= Elaine MacInnes =

Canadian nun and Zen master (1924–2022)

Elaine MacInnes (7 April 1924 – 29 November 2022) was a Canadian Catholic nun and Zen master. She was notable for integrating Zen meditation with her Catholic faith and promoting the use of meditation and yoga in prisons as a tool for rehabilitation and spiritual growth.

==Early life and education==
Elaine MacInnes was born in Moncton, New Brunswick, Canada and was the eldest of six children in a Catholic family. She demonstrated an early aptitude for music, leading her to study at Mount Allison University, where she earned a degree in music.

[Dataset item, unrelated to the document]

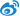 d3-b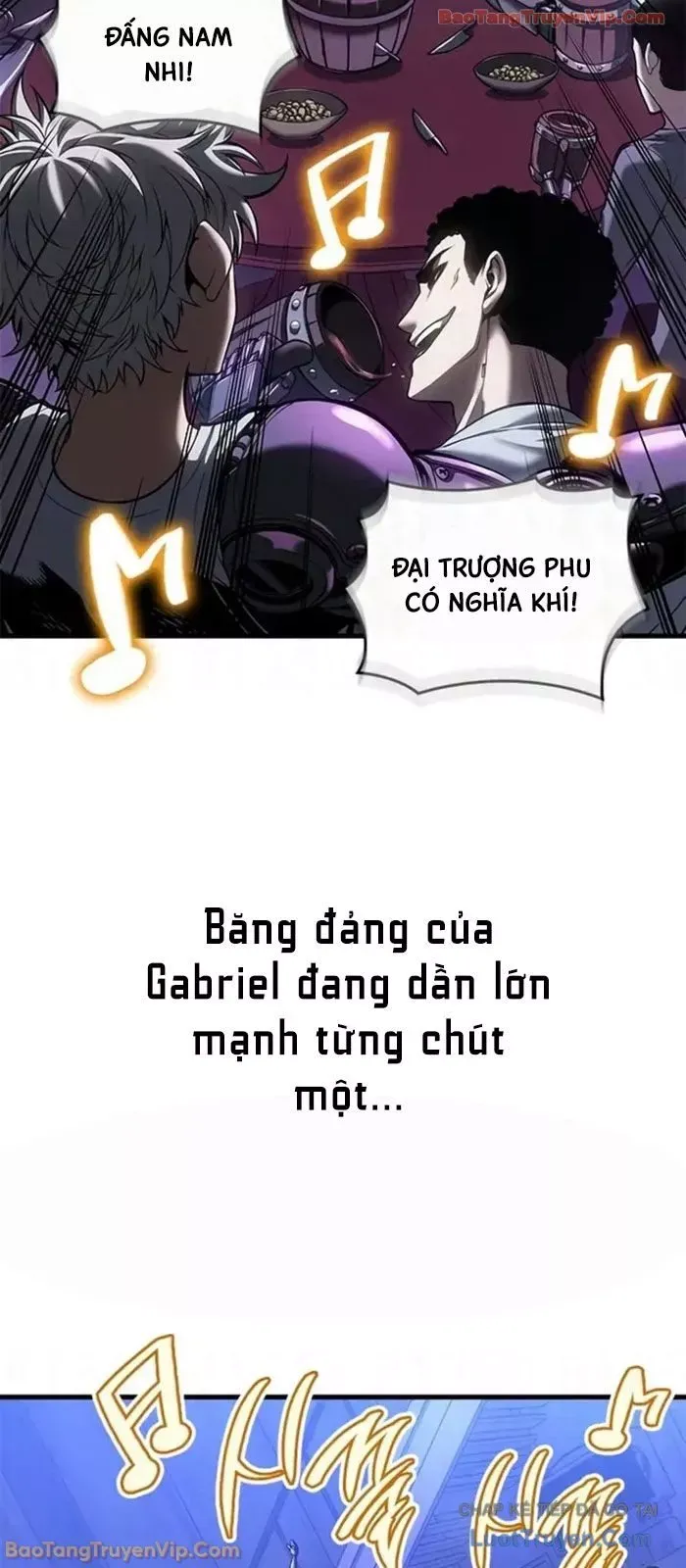 Chương 70 - trang 23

She continued her education at The Juilliard School in New York City, before returning to Canada to teach at the Royal Conservatory of Music in Calgary and perform with the Edmonton Symphony Orchestra.

==Religious life and Zen practice==
MacInnes entered the religious order of Our Lady's Missionaries in 1953. Initially sent to Japan to teach violin, she became interested in Zen meditation. Under the tutelage of Yamada Koun at the Sanbo Kyodan in Japan during the 1970s, she became a Zen Master (Roshi). MacInnes integrated her understanding of Zen meditation with her Catholic faith, focusing on the universal principles of spirituality.

==Work in prisons==
MacInnes began teaching meditation in prisons in the Philippines in 1980. She responded to a request from individuals seeking ways to cope with the psychological impact of imprisonment and torture. She later expanded her efforts in the United Kingdom, where she collaborated with the Phoenix Prison Trust, an organization promoting yoga and meditation in prisons. Her work gained support from actor Jeremy Irons, who served as a patron of the Trust.

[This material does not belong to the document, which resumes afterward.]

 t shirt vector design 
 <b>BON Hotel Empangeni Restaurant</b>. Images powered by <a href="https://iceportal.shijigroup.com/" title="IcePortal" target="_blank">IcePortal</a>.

In 2004, MacInnes founded Freeing the Human Spirit, a Canadian non-profit organization dedicated to bringing meditation and yoga to incarcerated individuals. Under her leadership, the initiative reached 28 prisons across Canada by 2013, after which she retired from active involvement. The organization remains active.

==Publications==
MacInnes wrote several books addressing spirituality, meditation and her experience in Zen practice. Key publications include:

- Light Sitting in Light: A Christian's Experience in Zen (1992) ISBN 9780006279488
- The Flowing Bridge: Guidance on Beginning Zen Koans (2008)
- Zen Contemplation for Christians (2012)
- Freeing the Spirit through Meditation and Yoga by Sandy Chubb, Korky Paul, and Sister Elaine MacInnes (1995)

==Recognition==
MacInnes was named an Officer of the Order of Canada in 2001 for her contribution to prison rehabilitation through yoga and meditation. This recognition highlighted her international impact, particularly her work in the Philippines and the United Kingdom.

==Death and legacy==
MacInnes died on 29 November 2022. The Sister Elaine MacInnes Community Impact Award, launched in 2024, recognizies outstanding yoga and meditation instructors in Canada.